物語前半から躍動するエマ.ストーンは魅力的。ソバカスだらけのファニーな表情は純情田舎娘と思っていたら然にあらず、生意気で小賢しい。そこがいい。まさかラストでオトナになったエマがあんなに切ない芝居を見せてくれるとは予想もしなかった。でもさらにいいのが相手役のライアン.ゴズリングだ。「ラブアゲイン」では薄っぺらいナンパ男を演じていたが、この作品ではジャズを一途に愛する生一本のピアニストに扮して熱演していた。たった3ヶ月の特訓であれほどのピアノを弾きこなしたというのは信じられない。余程の練習を積んだのだろうと感動させた。だがライアンはそんなことを気振りにも見せない。

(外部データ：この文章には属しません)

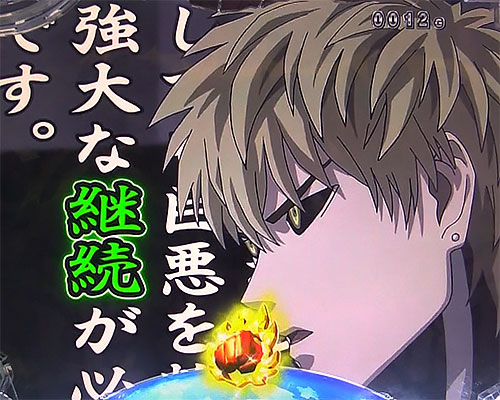 パチンコPワンパンマンの話が長い予告(1)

お話は売れない女優の玉子とウダツの上がらないピアニストの物語で、四季の移り変わりに合わせて恋が進展するが、突如運命が暗転する。お決まりの悲恋ストーリーとまとめることも出来るが、見ているうちになんとも言えない情感というか哀しみがフツフツと湧いてくる。脚本がいいのか演出が鋭いのか役者が上手いのか判然しないのだが、後半ドラマはがグーンとドライブがかかる。ハリウッドスタイルの醍醐味を久しぶりに堪能。この日は冬一番の寒さで、劇場が配るブランケットに身をくるんで鑑賞したが、2時間間然とするところがなかった。
帰りがけに映画のチラシを読むと、監督のデミアン.チャズルはまだ32歳と知ってたまげた。これから30代の才能がどんどん出てくるだろう。日本でも二人いることを私は知っている。